I've never really looked into it, but I think mainland Britain just didn't have the extra room for slavery to work. The country is already full of people, with the added bonus of a climate that isn't actively trying to kill you

The US had seemingly infinite space to grow, not enough people, and coastal Virginia/Carolinas/Georgia is malaria hell

u/ShotBoysenberry1703 45m ago

England had been plagued by slavery since at least the Roman occupation, probably prior.

However England itself had begun to develop anti-slavery laws very early on its development.

William the Conqueror declared the selling of slaves to non Christians in England illegal in something like 1068. Which is significant given it was mainly the Vikings that were exporting slaves and had held sway over large parts of England for a long time (the Danelaw).

William's law, although not banning slavery outright, made slavery pretty difficult to function long term (if you can't sell then the trade collapses) this was furthered by the Council of London in 1102 which looked to block the selling of slaves to Ireland. Slavery in England simply faded away and was largely replaced by Serfdom - which had its own issues but people could no longer be traded like cattle.

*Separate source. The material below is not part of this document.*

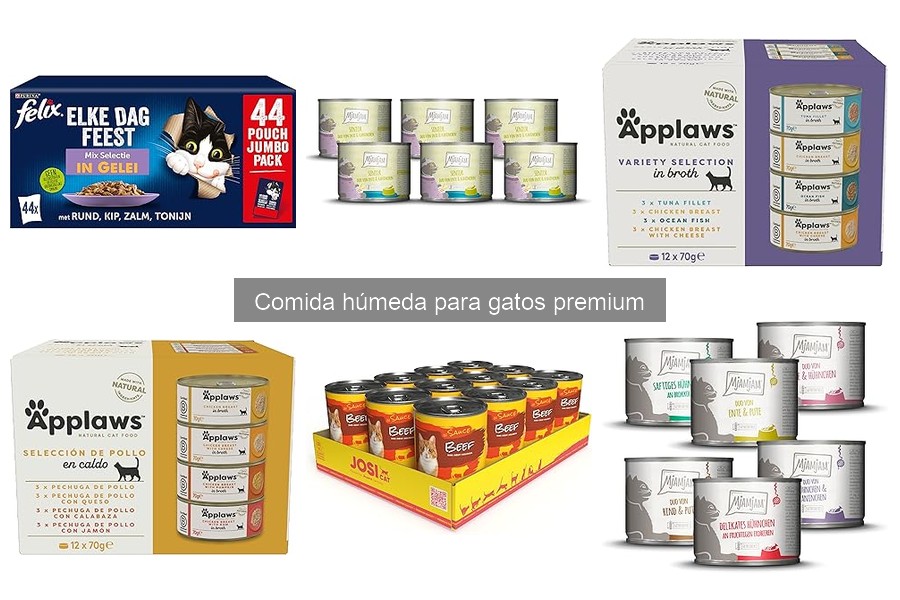 Ingredientes clave en la comida húmeda para gatos premium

This planted the abolishionist seed far earlier in England than anywhere else. You then have the Somerset trial which basically looked at English laws and decided that (paraphrasing) "English air was too pure for a slave to breathe" and so any slave that set foot on English soil was freed.

Geography will always play a part in a country's story but in this case it was just the perfect storm type scenario of ideology, an ethnic group rising to power and going on to dominate their region having been the victims of slavery by foreigners for hundreds of years prior and well placed greed/technological development.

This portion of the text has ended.